> **Assignment**:
All pictures are to be omitted while the lines starting at the line with "CreaTable Speiseteller NATURE" and ending at the line with "Tình Yêu Của Ik Seob chapter 27.1 14" in the material below are retyped exactly, both ends included.

> **Records provided**:
+++

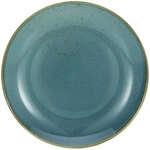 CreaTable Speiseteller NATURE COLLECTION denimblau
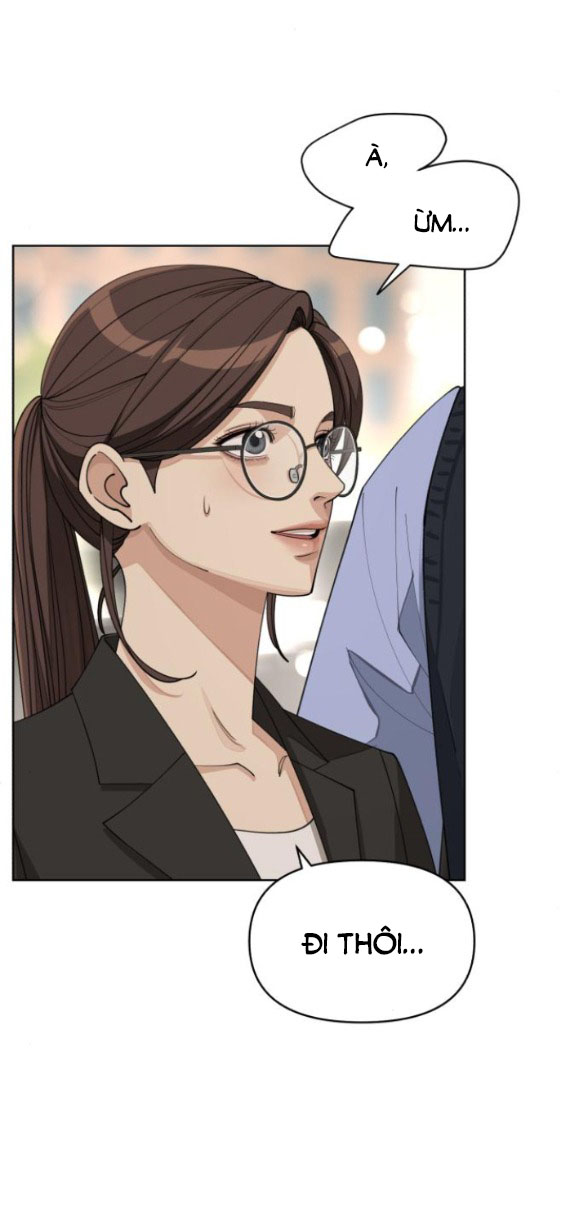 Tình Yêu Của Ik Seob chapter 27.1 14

+++

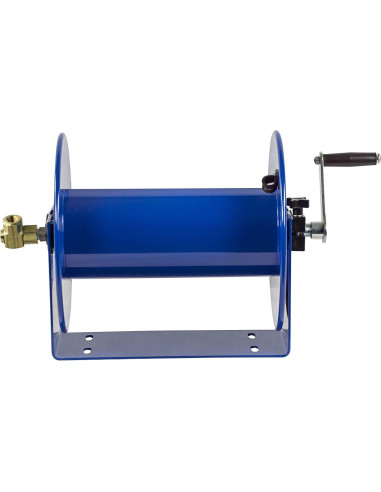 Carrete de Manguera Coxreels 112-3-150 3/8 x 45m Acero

+++

> **Answer to the problem**:
 CreaTable Speiseteller NATURE COLLECTION denimblau
 Tình Yêu Của Ik Seob chapter 27.1 14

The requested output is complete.